O CAPS da Brasilândia conta atualmente com 36 trabalhadores concursados, sendo 24 estaduais e 12 municipais. Os servidores, que não querem ser identificados temendo represálias, disseram à reportagem ter medo também da transferência para outros locais, sendo substituídos por trabalhadores contratados sem concurso pela OS. Conforme uma servidora, o CAPS deveria ter, no mínimo, cinco médicos psiquiatras. Porém, a prefeitura contratou apenas uma médica. E além de não abrir concurso público para completar o quadro com médicos, terapeuta ocupacional e outros profissionais da área, deixou que as instalações ficassem sucateadas. Tanto que a privatização teria sido justificada como única alternativa frente à situação precária do centro, conforme disseram trabalhadores.
“Os servidores se sentem emocionalmente desestruturados diante da transferência de local de trabalho”, diz Maria Lúcia Vieira, diretora da regional oeste do Sindsaúde. “E também consideram vítimas de assédio moral ao serem informados numa sexta-feira de que na segunda seguinte já estariam subordinados a uma chefia sem concurso público, sem terem tido tempo para reagir.”

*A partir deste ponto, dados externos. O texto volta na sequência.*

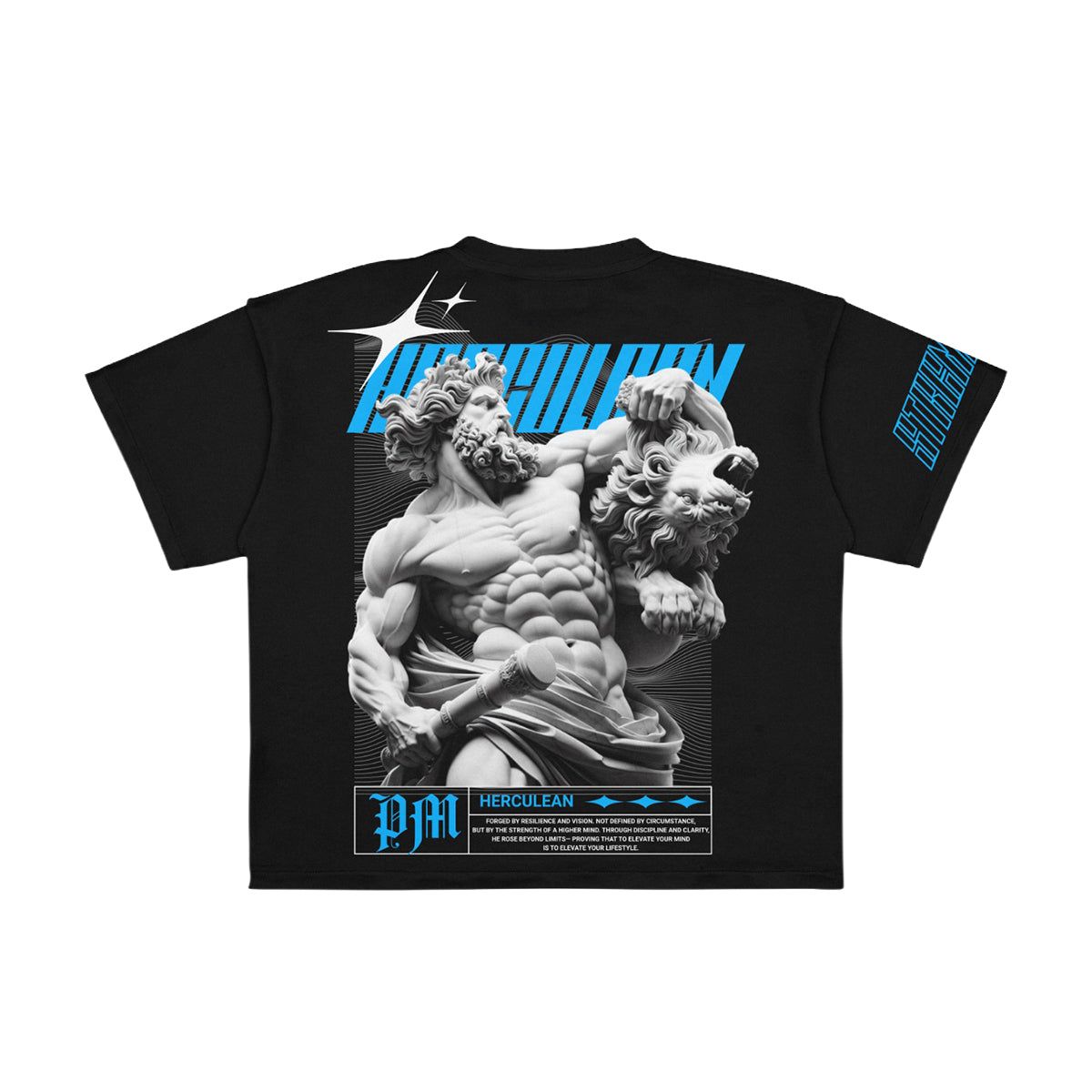 Premium Milano "Herculean Strength" Crewneck Graphic Tee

Luta antimanicomial na Alesp
Na segunda-feira (21), às 18h, na Assembleia Legislativa de São Paulo, será lançada a Frente Parlamentar de Luta Antimanicomial. O objetivo é articular deputados e movimentos sociais em torno do acompanhamento de projetos de lei relativos às políticas de enfrentamento ao álcool e outras drogas em desacordo com a Lei 10.216/01. A legislação estabelece os direitos das pessoas portadoras de transtornos mentais, regulamenta as internações involuntárias (que passa a ser supervisionada pelo Ministério Público) e altera o modelo assistencial, instituindo o processo de desospitalização e a implementação de serviços ambulatoriais, como os CAPS.
O lançamento ocorre logo após a Semana de Luta Antimanicomial, encerrada na última sexta. Em São Paulo, o dia 18 – Dia Nacional de Luta Antimanicomial – foi marcado por um ato no vão livre do Masp. Especialistas e trabalhadores da saúde mental, portadores de sofrimento mental e seus familiares se manifestaram contra as internações compulsórias e principalmente contra a privatização de centros de atendimento.